Dataset:
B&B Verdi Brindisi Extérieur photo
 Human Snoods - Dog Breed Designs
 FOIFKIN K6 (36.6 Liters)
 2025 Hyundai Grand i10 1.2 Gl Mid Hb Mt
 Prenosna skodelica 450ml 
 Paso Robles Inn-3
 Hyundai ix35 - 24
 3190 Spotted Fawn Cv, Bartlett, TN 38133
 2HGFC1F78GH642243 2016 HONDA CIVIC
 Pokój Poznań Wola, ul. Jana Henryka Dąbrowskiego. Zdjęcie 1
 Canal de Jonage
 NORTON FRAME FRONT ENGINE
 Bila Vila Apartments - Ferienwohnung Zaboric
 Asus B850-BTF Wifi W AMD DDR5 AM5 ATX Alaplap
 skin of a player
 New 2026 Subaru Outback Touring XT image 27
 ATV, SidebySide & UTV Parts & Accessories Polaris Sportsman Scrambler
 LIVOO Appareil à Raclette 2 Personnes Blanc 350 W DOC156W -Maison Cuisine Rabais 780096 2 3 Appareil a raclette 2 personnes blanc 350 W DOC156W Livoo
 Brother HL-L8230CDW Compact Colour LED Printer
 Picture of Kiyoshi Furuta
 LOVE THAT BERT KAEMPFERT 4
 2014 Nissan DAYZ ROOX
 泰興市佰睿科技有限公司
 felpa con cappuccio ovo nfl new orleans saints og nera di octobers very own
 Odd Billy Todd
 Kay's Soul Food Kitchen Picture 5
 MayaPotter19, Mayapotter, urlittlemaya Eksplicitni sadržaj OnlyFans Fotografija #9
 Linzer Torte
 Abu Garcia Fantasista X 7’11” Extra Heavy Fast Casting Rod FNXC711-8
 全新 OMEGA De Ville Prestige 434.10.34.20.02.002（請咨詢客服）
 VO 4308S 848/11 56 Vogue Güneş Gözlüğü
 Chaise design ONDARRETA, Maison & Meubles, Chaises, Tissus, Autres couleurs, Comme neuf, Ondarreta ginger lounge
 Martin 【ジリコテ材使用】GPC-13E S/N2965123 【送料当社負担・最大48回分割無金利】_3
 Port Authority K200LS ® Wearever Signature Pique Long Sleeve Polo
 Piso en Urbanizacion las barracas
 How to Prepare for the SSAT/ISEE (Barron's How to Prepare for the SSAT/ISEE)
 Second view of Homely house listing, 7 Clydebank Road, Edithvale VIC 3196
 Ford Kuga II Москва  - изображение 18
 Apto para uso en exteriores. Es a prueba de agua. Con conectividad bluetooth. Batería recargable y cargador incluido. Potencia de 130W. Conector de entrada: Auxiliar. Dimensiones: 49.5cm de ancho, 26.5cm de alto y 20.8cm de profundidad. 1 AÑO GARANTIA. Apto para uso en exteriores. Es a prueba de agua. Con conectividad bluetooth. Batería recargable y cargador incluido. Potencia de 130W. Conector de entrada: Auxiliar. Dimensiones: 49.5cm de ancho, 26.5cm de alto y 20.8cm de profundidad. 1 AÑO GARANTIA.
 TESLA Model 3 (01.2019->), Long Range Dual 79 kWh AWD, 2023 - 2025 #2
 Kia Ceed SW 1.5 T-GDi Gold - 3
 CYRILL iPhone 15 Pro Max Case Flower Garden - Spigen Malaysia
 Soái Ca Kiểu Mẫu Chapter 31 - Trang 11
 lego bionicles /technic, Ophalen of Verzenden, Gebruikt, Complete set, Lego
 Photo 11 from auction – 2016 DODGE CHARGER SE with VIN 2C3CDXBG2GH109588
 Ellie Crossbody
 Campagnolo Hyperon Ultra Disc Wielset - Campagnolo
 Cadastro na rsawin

Description of the task: Return exactly the lines that run from the top of the listing above to the line containing "NORTON FRAME FRONT ENGINE", please, keeping both end lines and leaving out everything else.

Result:
B&B Verdi Brindisi Extérieur photo
 Human Snoods - Dog Breed Designs
 FOIFKIN K6 (36.6 Liters)
 2025 Hyundai Grand i10 1.2 Gl Mid Hb Mt
 Prenosna skodelica 450ml 
 Paso Robles Inn-3
 Hyundai ix35 - 24
 3190 Spotted Fawn Cv, Bartlett, TN 38133
 2HGFC1F78GH642243 2016 HONDA CIVIC
 Pokój Poznań Wola, ul. Jana Henryka Dąbrowskiego. Zdjęcie 1
 Canal de Jonage
 NORTON FRAME FRONT ENGINE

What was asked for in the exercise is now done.